Несмотря на это, нет ни одного закона о том, что кибербуллинг – это преступление. Юристы и адвокаты, в чьи компетенции входит данная проблематика, считают, что в настоящий момент нет необходимости вводить какие-либо отдельные законы, касающиеся кибербуллинга, так как существует много положений.
Также, по мнению специалистов, для того чтобы над хулиганом было осуществлено правосудие, жертвы кибербуллинга должны сообщать об угрозах, которым подверглись, чего зачастую не происходит [19].
Заключение
На основе представленных выше данных можно сделать следующие выводы.
Главными направлениями исследований являются:
- изучение распространенности кибербуллинга, особенности участия в его определенных видах (кибер-преследование, сексуальный кибербуллинг и кибербуллинг через мобильные устройства и социальные сети) – 41%;
- изучение влияния участия в кибербуллинге на здоровье – 20%;
- изучение взаимосвязи кибербуллинга и буллинга – 17%;
- изучение влияния сверстников, родителей и педагогов на поведение участников кибербуллинга – 14%;
- изучение особенностей участников кибербуллинга – 14%.
Во всех исследованиях прослеживается единое определение понятия кибербуллинга, его ролевой структуры, видов, способов и причин участия.
Основные результаты анализа в выдвинутых темах:
- Наличие взаимосвязи между буллингом и кибербуллингом позволяет предположить, что подростки, участвующие в буллинге, больше предрасположены к участию в кибербуллинге.
- На данный момент нет точных данных о распространенности кибербуллинга среди молодежи, так как отсутствует единый надежный и достоверный диагностический инструментарий и в большинстве исследований (80%) авторы используют свои собственные разработанные опросники.

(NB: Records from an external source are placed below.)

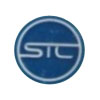 Shreejee Trading Corp. Logo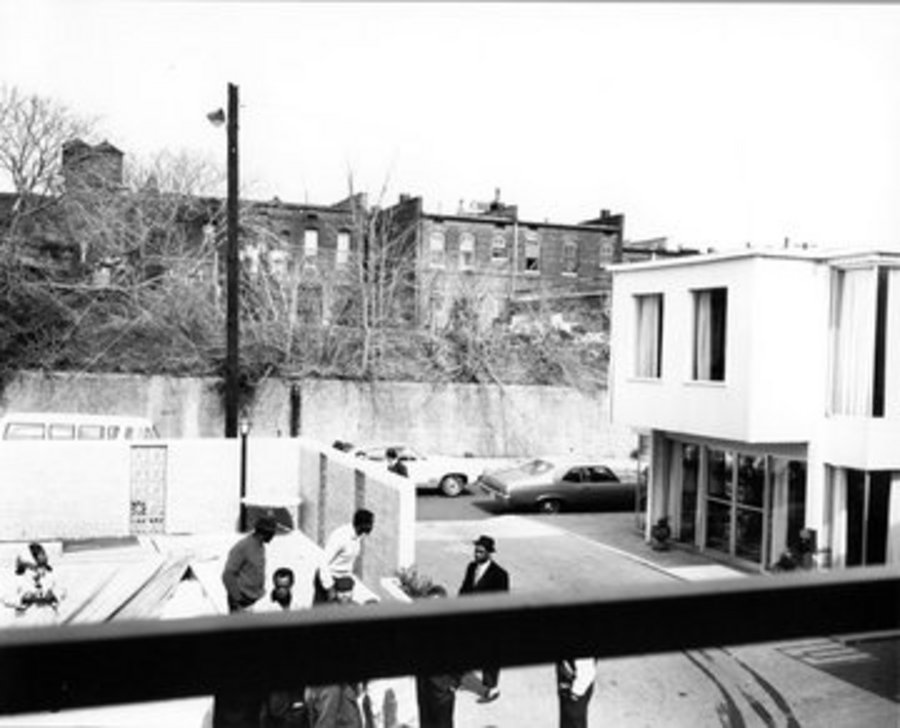 40Lorraine Motel Balcony View of Rooming House.jpg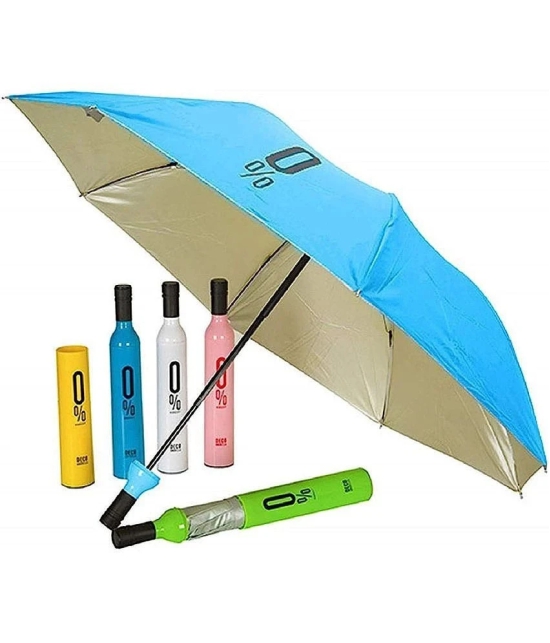 RAMDEV ENTEPRISE Multi Umbrella - Multi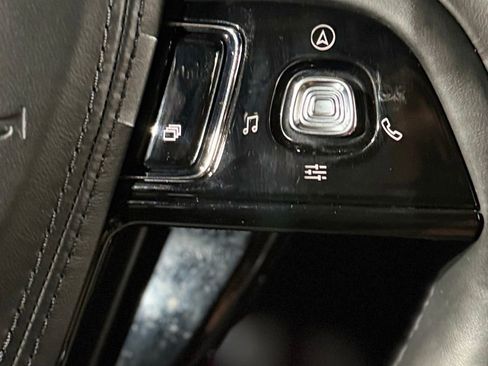 Used 2020 Lincoln Aviator Reserve w/ Equipment Group 201A image 70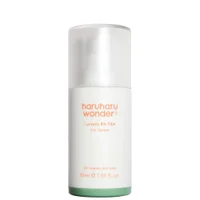 Haruharu Wonder Skincare Centella 4% TXA Dark Spot Go Away Serum 30ml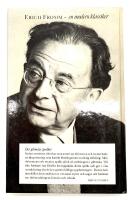 Det gl&ouml;mda spr&aring;ket - En f&ouml;rsta v&auml;gledning i konsten att f&ouml;rst&aring; dr&ouml;mmar, sagor och myter. &Ouml;vers&auml;ttning av Ingan Lindsj&ouml;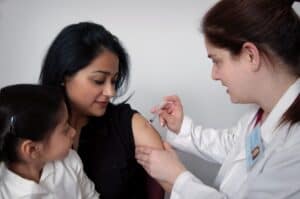 HOW TO ADDRESS A NURSE PRACTIONER
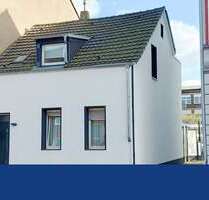 Haus zum Kaufen in Duisburg 249.000,00 € 102.23 m²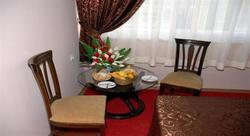 Alican Otel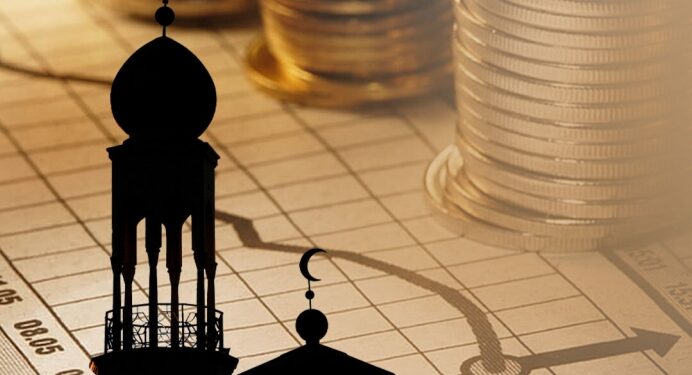 Islamic Finance in Nigeria: Between Islamization and Shariah Non-Compliance Polemics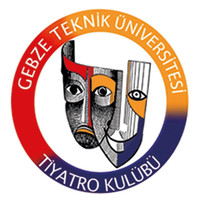 Gebze Teknik Üniversitesi Tiyatro Topluluğu logo, Gebze Teknik Üniversitesi Tiyatro Topluluğu contact details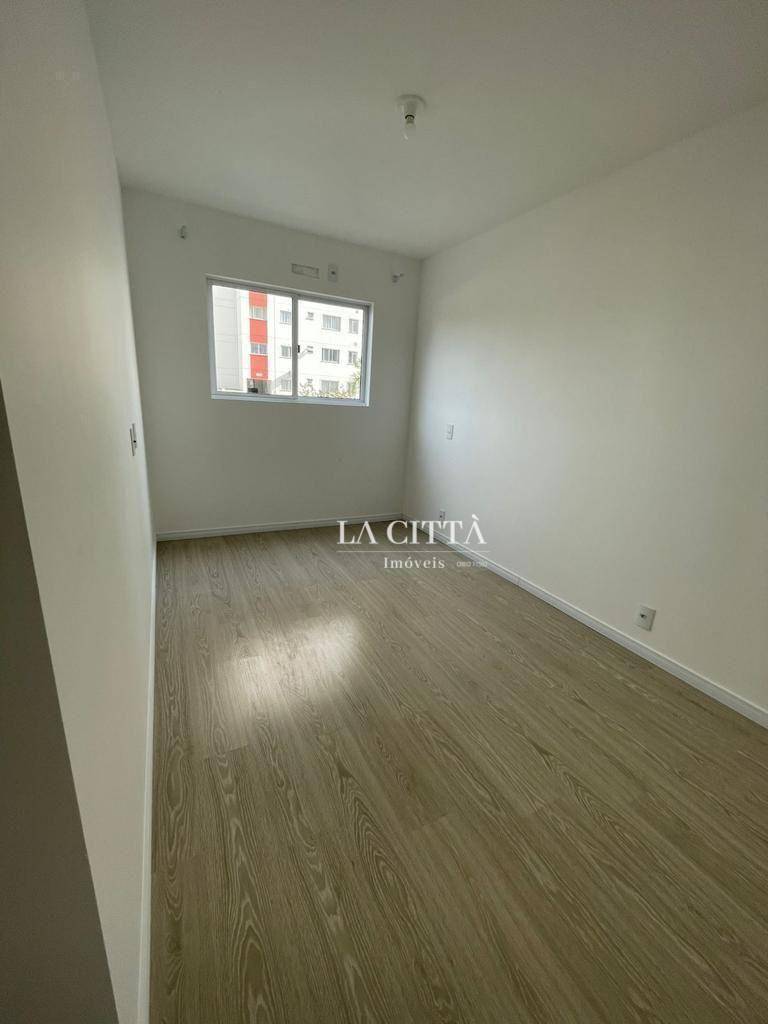 Apartamento para alugar com 2 quartos, 46m² - Foto 8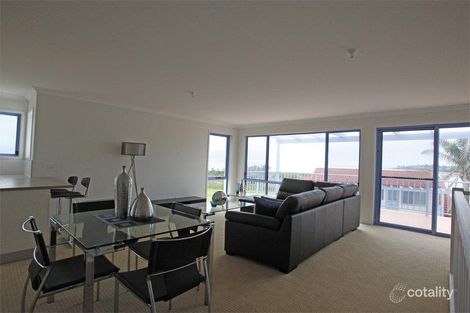 Property photo of 4/4 George Lane Bermagui NSW 2546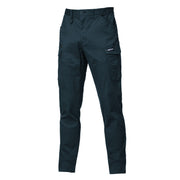 バートル 842 カーゴパンツ 2025-26AW新作 コットン ストームグリーン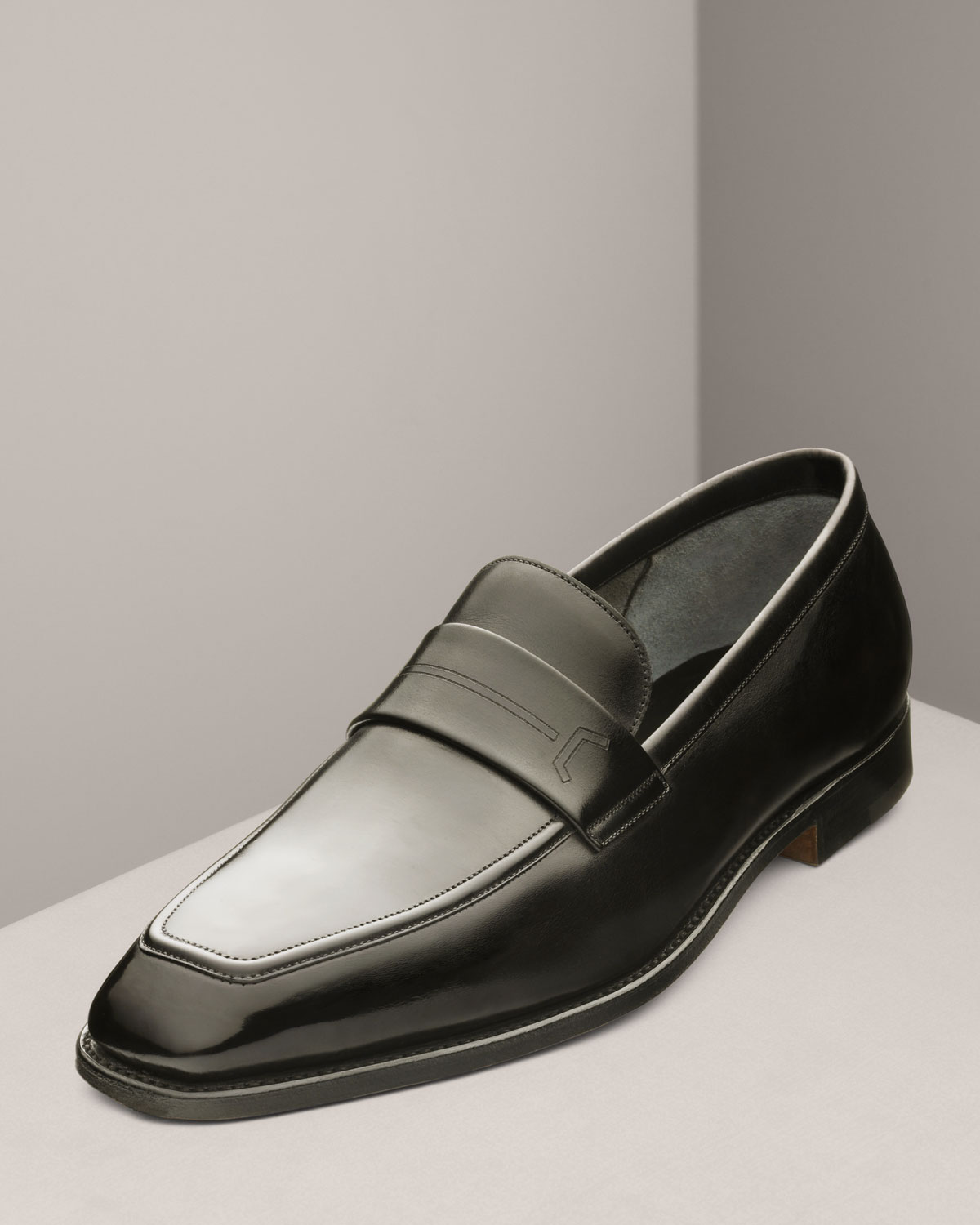 groundhog day jb hi fi lobb loafer 28 images loafer lobb fit e in brown groundhog day jb hi fi lobb loafer 28 images loafer lobb fit e in brown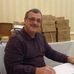 Gary Quick - Facebook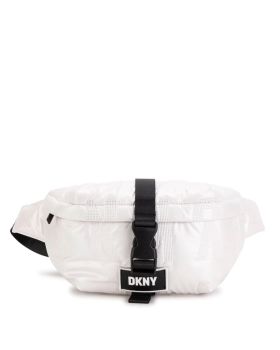 Dkny - 0545 Bag  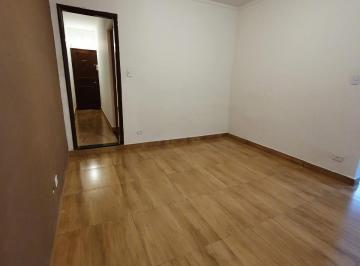 DSC_20250718_025436_000.jpeg · Aconchegante apartamento tipo para locação em Santana com 2 quartos, 58.8m² - remaxjoy#C55K0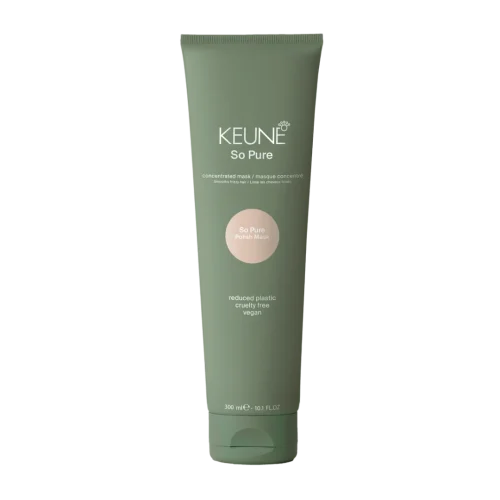 SO PURE MASKA (POLISH) 300ml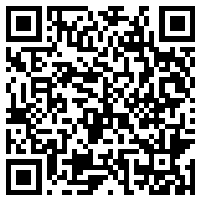 QR Code for bitcoin:bitcoin:bitcoin:bitcoin:bitcoin:dash:XtgCpePRDCZ6LNNitUtC5GoMNQYuqse3ox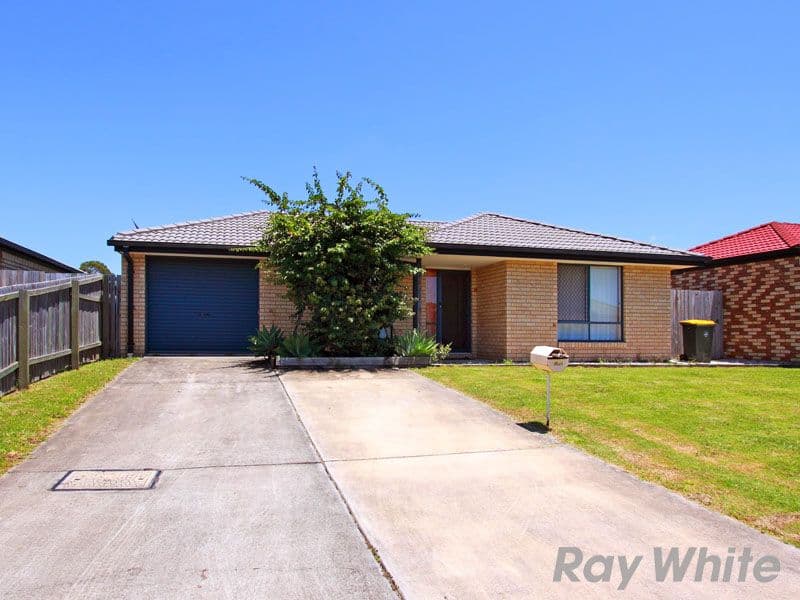 11 Portico Place, BALD HILLS QLD 4036, Bald Hills - Image 1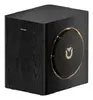Ultimea Skywave F40 5.1.2 Channel Soundbar System Photo 2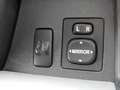 Daihatsu Sirion 2.Hand .30100 km. Klima . Winterreifen ! Gold - thumbnail 17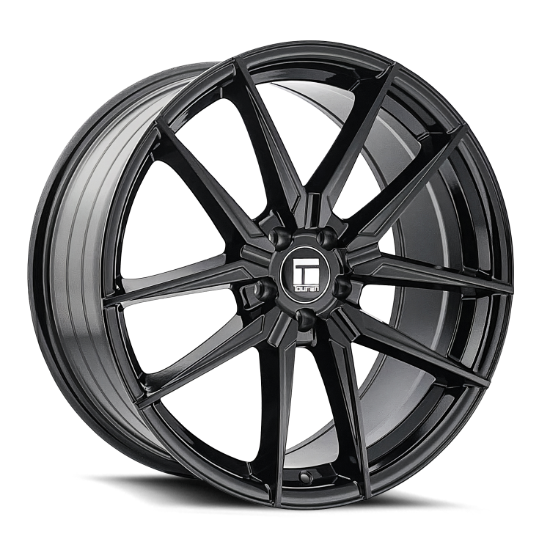Picture of Touren Wheel - 3294-8845GB35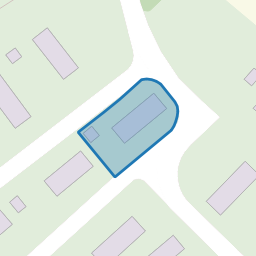 Perceel EPE00-T-5269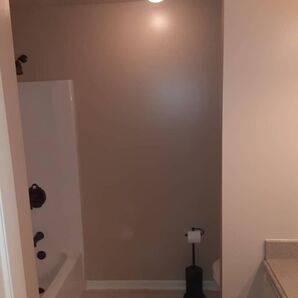 Interior Painting in Lawrenceville, GA (4)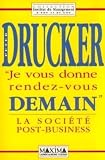 Image de couverture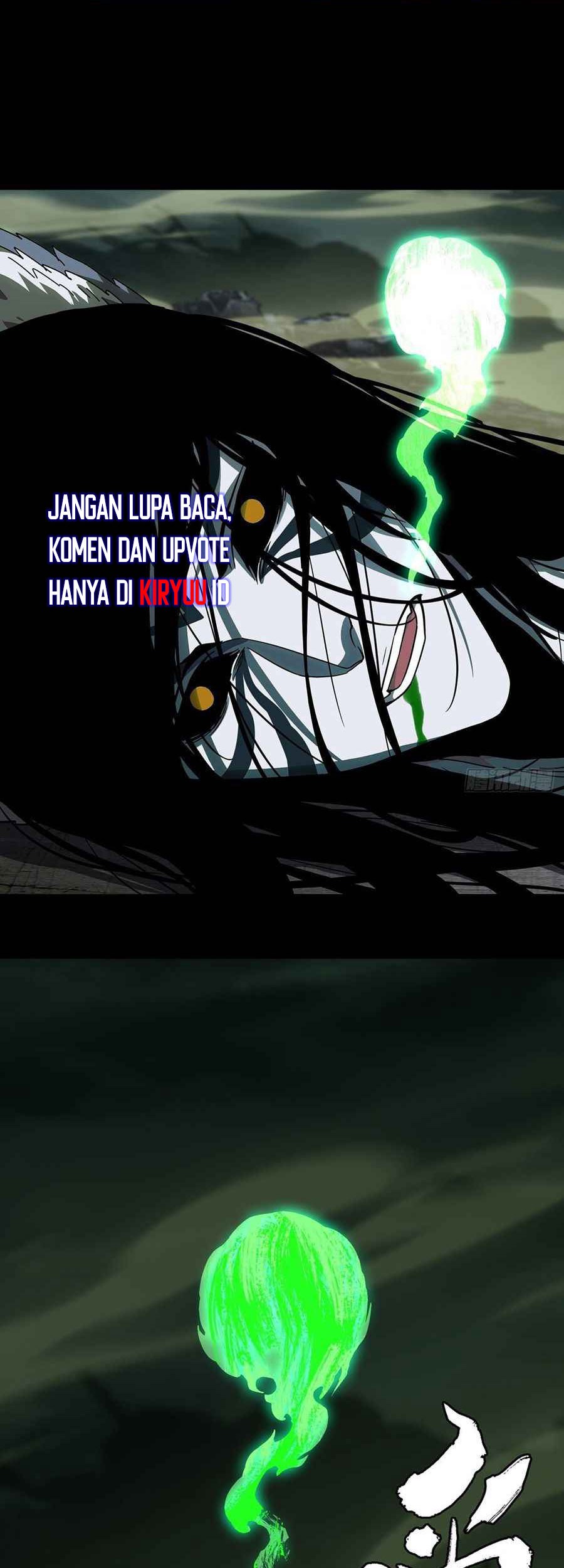 Halaman 101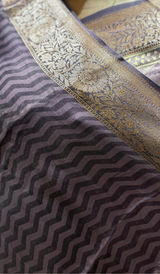 KORA CHANDERI SAREE 290426151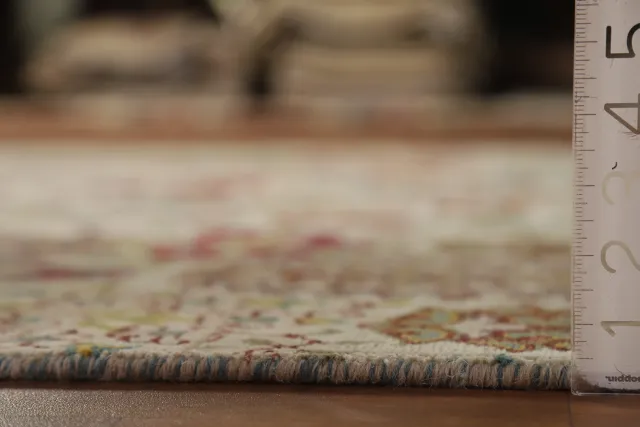https://image-static-obj.rugsource.com/small/142047_2791664_be818dc0.jpeg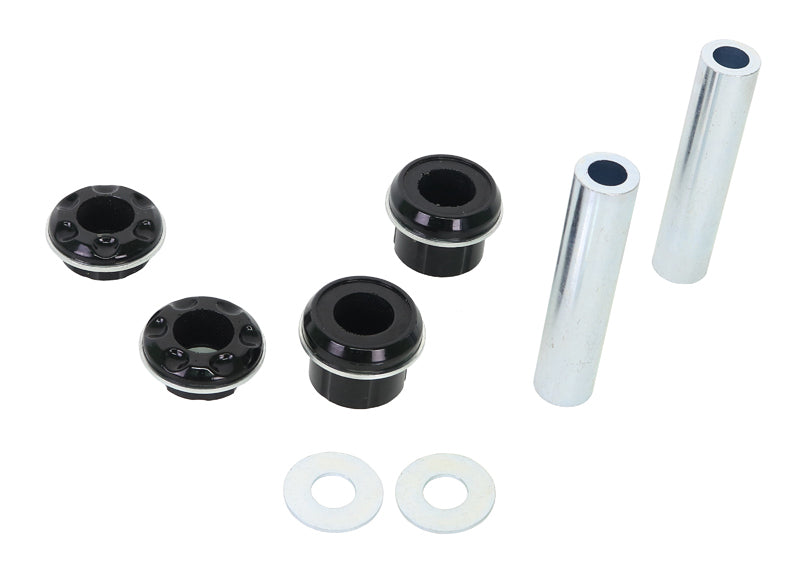 Front Subframe Mount Bushing Whiteline W93048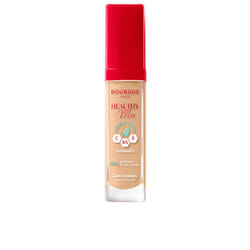 Healthy Mix concealer vitamins #51-light vanilla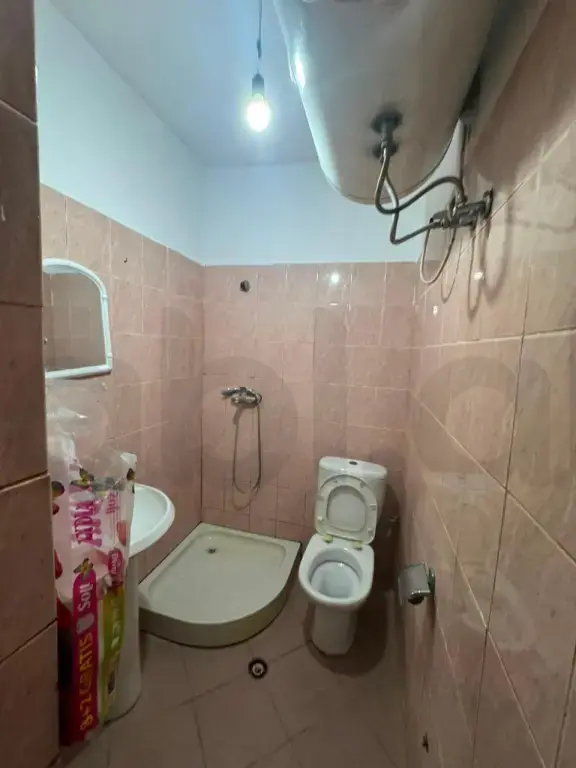 Shtëpi  70m²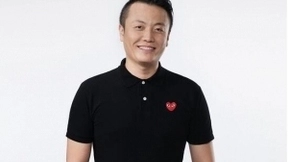 85后OPPO高管沈义人的直线人生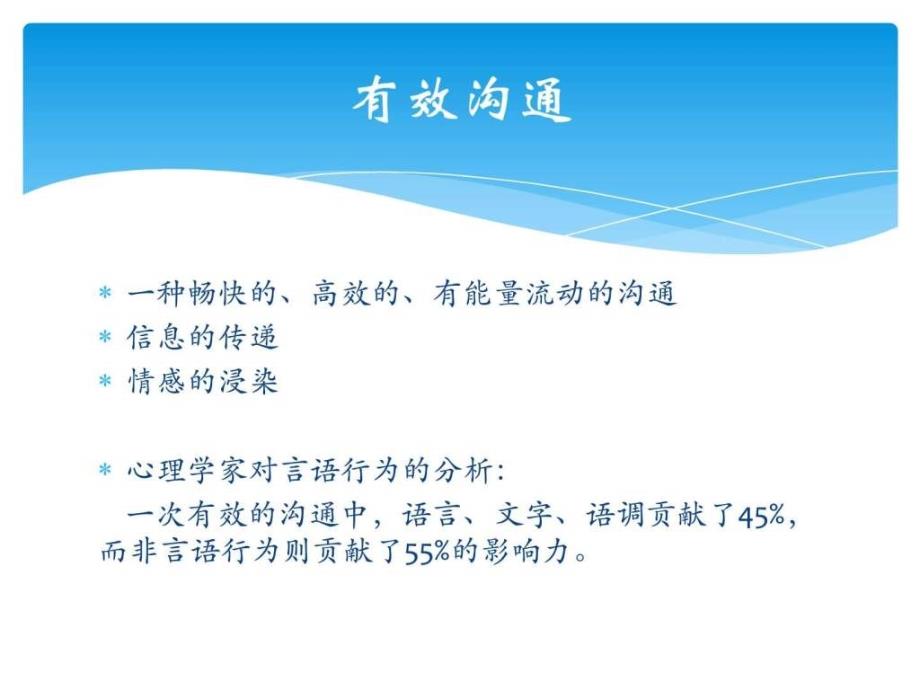 人际关系与有效沟通.ppt_第4页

- Положительное и нейтральное отношение сверстников, педагогов и родителей к кибербуллингу может являться тем фактором, который подталкивает подростков к участию в кибербуллинге. Это связано с тем, что у самих детей формируется представление о кибербуллинге как о явлении, которое не оказывает никакого негативного влияния для окружающих их людей.
- Касательно правовых компонентов кибербуллинга было установлено, что на данный момент нет ни одного закона, который говорил бы о том, что кибербуллинг это преступление и те, кто участвуют в нем, должны понести наказание.
- Ключевыми особенностями жертв кибербуллинга являются: повышенный уровень тревоги, низкая самооценка, повышенное чувство одиночества, риск депрессии и самоповреждающего поведения, негативный взгляд на мир, проблемы со здоровьем и социализацией. Особенности хулиганов – депрессия, расстройства питания, злоупотребление психоактивными веществами, низкий уровень просоциального поведения. Особенности свидетелей – страх стать жертвой, повышенная тревожность, низкая самооценка. Для всех участников кибербуллинга характерен низкий уровень эмпатии.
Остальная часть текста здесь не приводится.